[RFC] Fixes and improvements for jobs/streams/events/api #853

tarruda · 2014-06-16T18:55:41Z

This PR does three things:

Add code for dealing with msgpack parse failures(those are very rare but can happen as I experienced while running some manual tests)
Enable transfering big amounts of data through WStream instances
Use a single method of "locking" on a set of event sources, which is useful for [RFC] system() prefer pipes over tmpfiles #807 or the python ex command which will come after this.

@aktau, this should simplify the implementation of a job_sync function, it should be something like this:

job = job_start(...); // start a job
job_write(job, data); // write all data to the job
job_set_defer(job, false); // disable event deferral, we want to process job events inside `event_poll`
while (!exited) { // exited can be a flag set when the job exits
  event_poll(-1);
}

I have not tested the above code but it should work, let me know if you have any questions.

aktau · 2014-06-16T22:04:26Z

The commit message of 4bf36bd says least unobtrusive, I think that's supposed to be either least obtrusive or most unobtrusive.

aktau · 2014-06-16T22:23:00Z

Enable transfering big amounts of data through WStream instances

I'm guessing that refers to this commit: wstream: Change wstream_write failure behavior. It's a bit surprising how such a small change has that effect. It also seems to allow writing large amounts of data only once (until the write call succeeds), because in the lines after that buffer->size is added to wstream->curmem.

Also, tangentially, shouldn't the return value of uv_write in wstream_write influence the return value? (error or not).

@aktau, this should simplify the implementation of a job_sync function, it should be something like this:

Possibly it does, it looks quite nice to be able to just call event_poll without consequences. Though I'm not sure about having to check an external flag. Isn't there a way to check on the job struct itself?

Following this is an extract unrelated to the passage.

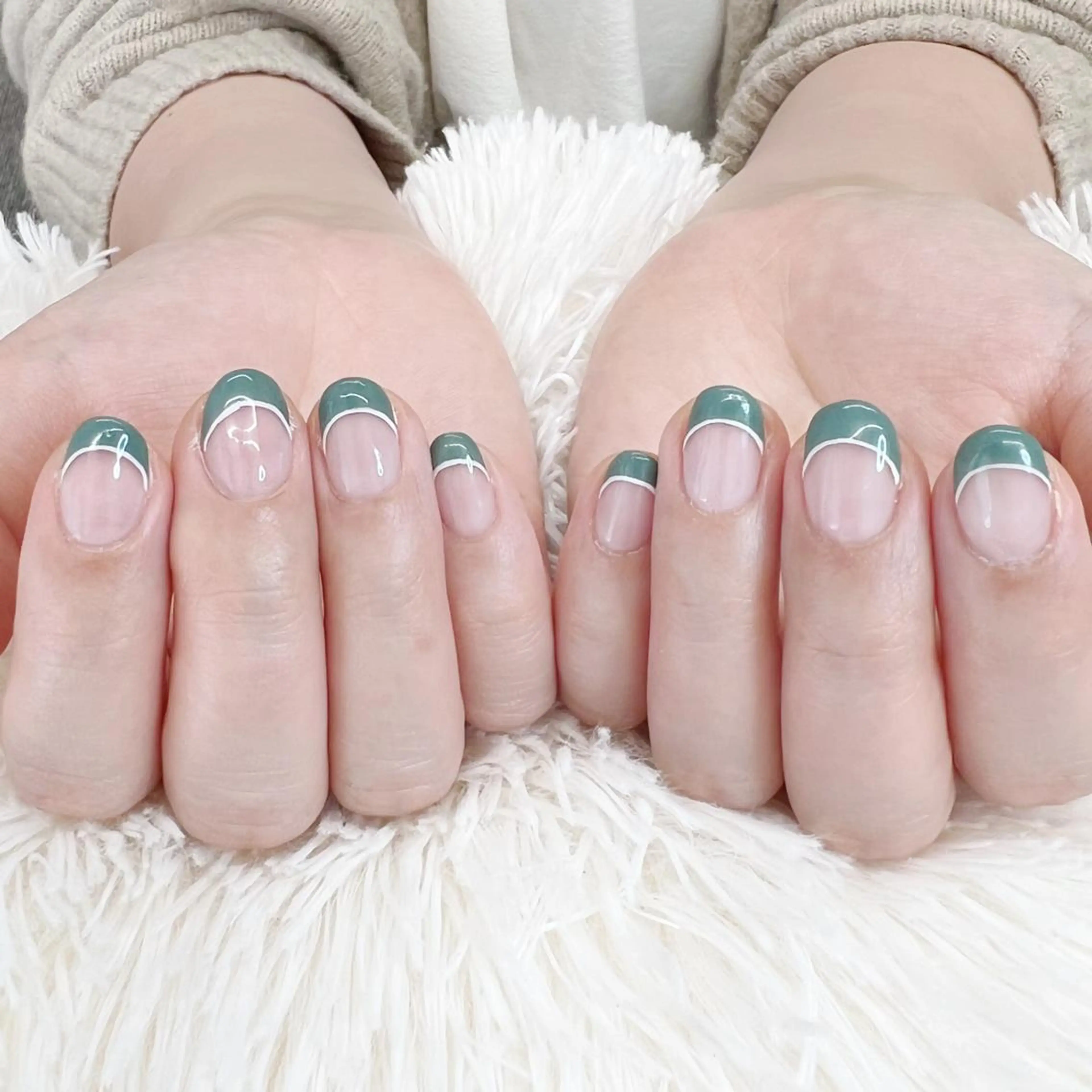 🍓ハンドネイル💅持ち込みデザイン🍓(アート､パーツ4本)の写真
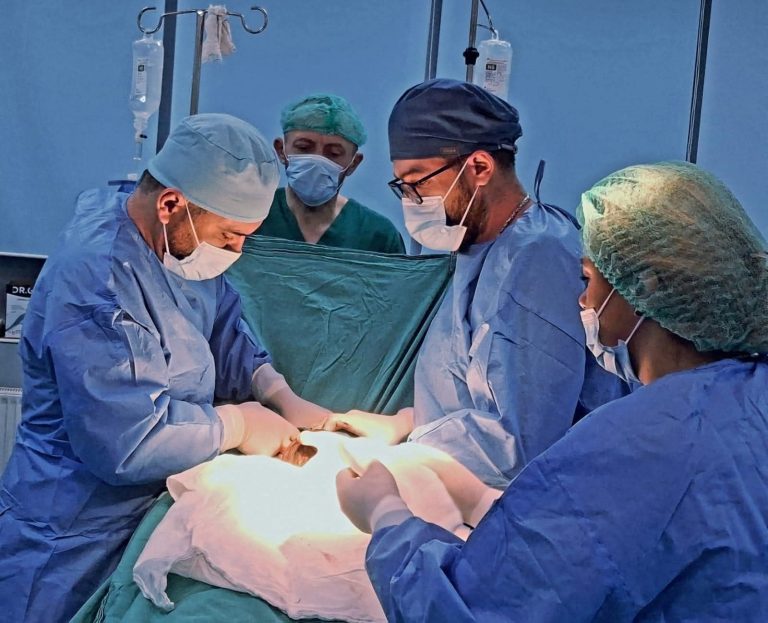 Profesionistë të vërtetë: Mjekët e Spitalit të Mitrovicës i shpëtojnë jetën një gruaje me problem të rrallë e në prag të vdekjes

Now I guess one of the bigger differences is the fact that the os_run_sync prototype didn't need to copy the input buffer (it passed it as const char *). This made it the callers responsibility to handle memory. Very perhaps, this is possible by manually ref'ing the WBuffer passed into wstream_write, such that it won't free it when write_cb is called. But I'm not sure that's a use case for which the ref/unref code was intended.

tarruda · 2014-06-17T12:08:09Z

The commit message of 4bf36bd says least unobtrusive, I think that's supposed to be either least obtrusive or most unobtrusive.

👍 thanks

Possibly it does, it looks quite nice to be able to just call event_poll without consequences. Though I'm not sure about having to check an external flag. Isn't there a way to check on the job struct itself?

That makes sense, I will add 'job_alive' function to check status.

Now I guess one of the bigger differences is the fact that the os_run_sync prototype didn't need to copy the input buffer (it passed it as const char *). This made it the callers responsibility to handle memory. Very perhaps, this is possible by manually ref'ing the WBuffer passed into wstream_write, such that it won't free it when write_cb is called. But I'm not sure that's a use case for which the ref/unref code was intended.

True, I have and idea for fixing that

tarruda · 2014-06-17T13:29:33Z

Also, tangentially, shouldn't the return value of uv_write in wstream_write influence the return value? (error or not).

I just read the source code of uv_write2(src/unix/stream.c). Here are the possible causes for failures:

bad file descriptor
invalid handle
out of memory

At first glance, the only one we should worry about is 'out of memory' because libuv calls malloc directly, this may also be a problem when using msgpack and possibly luajit in the future. I wonder whats the cleanest way of dealing with this(should we provide x-wrappers for the library functions that potentially allocate memory? In any case this should be fixed in another PR.

BTW, what do you think of the optional callback that can be passed to wstream_new_buffer? You can return false in the callback to free the memory yourself. Plus the callback gives some extra flexibility when one needs to know when the data was successfully written(I will probably use that to implement vimscript autocommands for job_write/send_event)

There seems to be no way to deal with failures when calling `msgpack_unpacker_next`, so this reimplements that function as `msgpack_rpc_unpack`, which has an additional result for detecting failures. On top of that, we make use of the new function to properly return msgpack-rpc errors when something bad happens.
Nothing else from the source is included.